On July 12, 2019, a Connecticut federal district court agreed with an employee’s widow that the meaning of the word “maximum” in the company’s ERISA life insurance plan was ambiguous. As a result, the widow is now entitled to an additional $4 million in benefits.

The employee, who died in September 2014, was considered a Class 1 Insured Person under the company’s plan. This meant that his beneficiary, the plaintiff, was entitled to benefits equal to 100% of a principal sum in the amount of “Five (5) times Salary subject to a Minimum of $100,000 and a Maximum of $1,000,000.” While the plaintiff widow argued that the phrase “subject to a Minimum of $100,000 and a Maximum of $1,000,000″ placed a floor and cap on the Salary, the defendants argued that the phrase placed a floor and a cap on the total benefit. After the defendants—the Plan and the life insurance company—refused to pay the plaintiff more than $1 million, she filed suit for $4 million in additional benefits.

Ultimately, the court held that the language defining the principal sum for Class 1 Insured Persons was ambiguous. The court found that the defendants’ interpretation—that the $100,000 and $1,000,000 amounts respectively referred to a floor and cap on benefits due—was not the only reasonable interpretation. Because the language was susceptible to more than one reasonable meaning, the court was required to construe it in favor of the plaintiff’s interpretation. As a result, the court granted the plaintiff summary judgment in her favor as to her claim for $4 million in additional benefits under the Plan, as well as equitable interest.

This decision provides a cautionary tale for employers sponsoring insured benefits. Insurance policies should clearly define maximums, and explicitly specify that such maximums apply to the overall benefit due rather than another sum used to calculate that benefit. Employers should review these certificates and require insurers to revise if the insurer’s language is unclear.
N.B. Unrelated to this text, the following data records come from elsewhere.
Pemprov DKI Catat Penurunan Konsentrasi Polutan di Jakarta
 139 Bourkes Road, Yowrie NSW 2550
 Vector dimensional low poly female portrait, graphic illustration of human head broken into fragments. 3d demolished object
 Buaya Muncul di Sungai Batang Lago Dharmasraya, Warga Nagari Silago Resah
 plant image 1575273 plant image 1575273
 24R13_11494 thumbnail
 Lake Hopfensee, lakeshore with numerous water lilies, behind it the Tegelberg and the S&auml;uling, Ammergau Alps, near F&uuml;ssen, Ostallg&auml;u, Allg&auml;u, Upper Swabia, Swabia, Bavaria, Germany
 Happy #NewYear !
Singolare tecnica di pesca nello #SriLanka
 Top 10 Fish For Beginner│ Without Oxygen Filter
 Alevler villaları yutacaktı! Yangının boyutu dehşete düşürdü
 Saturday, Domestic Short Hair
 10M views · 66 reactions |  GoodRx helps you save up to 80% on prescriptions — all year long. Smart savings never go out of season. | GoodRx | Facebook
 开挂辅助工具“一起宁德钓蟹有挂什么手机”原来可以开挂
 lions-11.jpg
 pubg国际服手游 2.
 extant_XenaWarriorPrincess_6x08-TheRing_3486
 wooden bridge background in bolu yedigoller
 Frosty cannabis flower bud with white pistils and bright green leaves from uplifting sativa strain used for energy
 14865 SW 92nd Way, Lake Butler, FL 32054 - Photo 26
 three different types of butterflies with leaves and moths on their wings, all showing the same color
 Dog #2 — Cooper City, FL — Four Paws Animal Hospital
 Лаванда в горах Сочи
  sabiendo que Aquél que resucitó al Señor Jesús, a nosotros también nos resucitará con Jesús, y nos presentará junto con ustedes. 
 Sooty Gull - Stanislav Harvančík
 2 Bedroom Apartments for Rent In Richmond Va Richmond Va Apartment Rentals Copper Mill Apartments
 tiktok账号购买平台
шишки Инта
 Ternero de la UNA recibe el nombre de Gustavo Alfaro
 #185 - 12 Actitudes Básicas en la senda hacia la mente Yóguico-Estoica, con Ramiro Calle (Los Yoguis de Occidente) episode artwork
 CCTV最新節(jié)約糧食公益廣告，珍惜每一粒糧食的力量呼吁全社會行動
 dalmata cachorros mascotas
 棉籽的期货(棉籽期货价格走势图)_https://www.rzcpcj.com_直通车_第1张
Furthermore, with open enrollment approaching, employers would be well served to confirm their election materials are unambiguous and consistent with the terms of the underlying life insurance policy. Any ambiguities should be addressed with the insurer and updated in the group policy. For employers that maintain a separate summary plan description or other materials describing their life insurance or other benefits, these materials should be reviewed for consistency with the insurance policy. Any inconsistency between the life insurance policy and the benefits communicated by the employer could potentially make the employer responsible for additional benefits that were promised.